健康

2016/01/19

コレステロールが基準より低い…身体に悪影響はある?

コレステロールが基準より低い…身体に悪影響はある?

健診で指摘されることの多いコレステロール値。高いと要注意になるのはわかりますが、低い場合も健康に問題が出てくるのでしょうか。相談者の男性からの悩みに、専門家が回答しています。
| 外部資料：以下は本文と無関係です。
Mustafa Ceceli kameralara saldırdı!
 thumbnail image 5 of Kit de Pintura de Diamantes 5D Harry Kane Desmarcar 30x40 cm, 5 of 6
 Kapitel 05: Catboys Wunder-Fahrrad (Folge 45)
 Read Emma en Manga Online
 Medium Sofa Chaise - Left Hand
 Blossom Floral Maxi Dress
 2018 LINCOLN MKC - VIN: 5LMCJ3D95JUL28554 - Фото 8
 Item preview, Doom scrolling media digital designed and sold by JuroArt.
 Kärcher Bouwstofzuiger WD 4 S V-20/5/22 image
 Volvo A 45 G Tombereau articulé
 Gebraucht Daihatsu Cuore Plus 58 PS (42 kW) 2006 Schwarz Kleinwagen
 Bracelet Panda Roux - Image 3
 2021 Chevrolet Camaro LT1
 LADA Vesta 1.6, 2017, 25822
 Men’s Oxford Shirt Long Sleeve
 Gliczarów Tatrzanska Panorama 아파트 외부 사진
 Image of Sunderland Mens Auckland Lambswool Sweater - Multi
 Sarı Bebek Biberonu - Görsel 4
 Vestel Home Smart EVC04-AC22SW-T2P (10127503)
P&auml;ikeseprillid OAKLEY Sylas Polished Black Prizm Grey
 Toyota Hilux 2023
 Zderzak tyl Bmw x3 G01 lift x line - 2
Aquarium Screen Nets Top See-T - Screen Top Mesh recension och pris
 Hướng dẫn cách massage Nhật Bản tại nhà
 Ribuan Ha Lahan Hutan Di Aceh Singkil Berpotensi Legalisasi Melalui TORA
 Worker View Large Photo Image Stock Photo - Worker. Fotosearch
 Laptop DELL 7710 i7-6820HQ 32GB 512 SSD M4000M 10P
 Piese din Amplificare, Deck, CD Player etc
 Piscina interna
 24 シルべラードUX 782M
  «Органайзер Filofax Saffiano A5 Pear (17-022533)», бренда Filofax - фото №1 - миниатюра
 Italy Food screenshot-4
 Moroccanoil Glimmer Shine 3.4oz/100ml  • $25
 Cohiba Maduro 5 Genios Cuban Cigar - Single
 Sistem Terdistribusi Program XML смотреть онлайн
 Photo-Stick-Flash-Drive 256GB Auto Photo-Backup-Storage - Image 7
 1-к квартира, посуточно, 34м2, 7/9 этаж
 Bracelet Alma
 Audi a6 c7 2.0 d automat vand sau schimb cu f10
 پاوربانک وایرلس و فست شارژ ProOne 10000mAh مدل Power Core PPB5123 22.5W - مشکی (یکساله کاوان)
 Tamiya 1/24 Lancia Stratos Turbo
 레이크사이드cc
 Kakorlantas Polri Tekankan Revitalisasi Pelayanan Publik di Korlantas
20代男性からの相談:「低コレステロールは健康に悪影響?」

2年ほど前に健康診断を受けたところ、コレステロール値が標準よりもかなり低いという結果になりました。医師からはコレステロール値の指摘だけで詳しいことは何もいわれませんでしたが、コレステロールが低いと身体にどのようなな影響があるのでしょうか?昔からやせ形で体重が増えにくいことも関係しているでしょうか?現在は身長168cm、体重52kgです。(20代・男性)

コレステロールの役割とは?

コレステロールには善玉と悪玉の2種類があります。

コレステロールは私たちの身体には欠かせないものです。コレステロールの役割は、体内の細胞膜を構成したり、ホルモンや胆汁(消化液)の材料になります。悪玉コレステロール(LDL)善玉コレステロール(HDL)に分類され、LDLは血液中のコレステロールを全身に運搬し、HDLは血液内に残ったコレステロールを回収して肝臓に運び、ホルモンや胆汁の材料となります。(看護師)
コレステロールは身体に悪いものと考えられていますが、細胞やホルモン生成に必要な大切なものです。過剰になると動脈硬化を進めてしまいますが、あまりに少ないのも問題です。まずは食事のバランスを見直して3カ月ほど取り組み、再度、内科で血液検査を受けてアドバイスをもらってはいかがでしょうか。(医師)
LDLもHDLも大切な役割をしていますが、LDL値が高くなると血管を酸化させ、動脈硬化などの血管疾患を引き起こすために悪玉と呼ばれています。コレステロールは肝臓で7割が生成され、3割は食べ物などから摂取します。どちらかが高いか低いかが問題ではなく、LDLとHDLの比率(LH比)が重要になり、LH比が2以下になるのが理想です。(看護師)

低コレステロールが及ぼす影響

コレステロール値が低い場合、栄養不足や肝臓、血管の疾患の可能性も考えられます。

HDLコレステロールとLDLコレステロールのバランスはいかがでしょうか。ただ単に基準値より低いだけで異常とはいえませんが、HDLとLDLのバランスによっては食事療法や内服治療が必要なこともあります。(医師)
総コレステロール値が低い場合、自殺率が高くなるという説もあり、ホルモンが生成されにくくなるため身体が疲れやすくなります。低めということなら、コレステロールを含むものを多めに、バランスのとれた食事を心がけることで改善されるでしょう。今回の検査結果が2年前のものでしたら、今後も定期的に検査を受けて栄養状態をチェックしてください。(看護師)
コレステロール値で問題になるのは一般に高い方ですが、実は低い方にも病気が隠れていることがあります。代表的なものではコレステロールを作る肝臓の病気や、栄養を過剰に消費してしまう甲状腺機能亢進症、アルコール依存や過剰なダイエットによる栄養障害などです。(医師)
LDLが少ない場合、栄養不足や甲状腺機能亢進症、肝臓疾患が考えられ、HDLが少ない場合は、動脈硬化などの血管疾患を起こしやすくなります。(看護師)

コレステロール値が低い場合も、肝臓などの病気にかかっている場合があるようです。再び検査を受け、現在の健康状態を診てもらうことをおすすめします。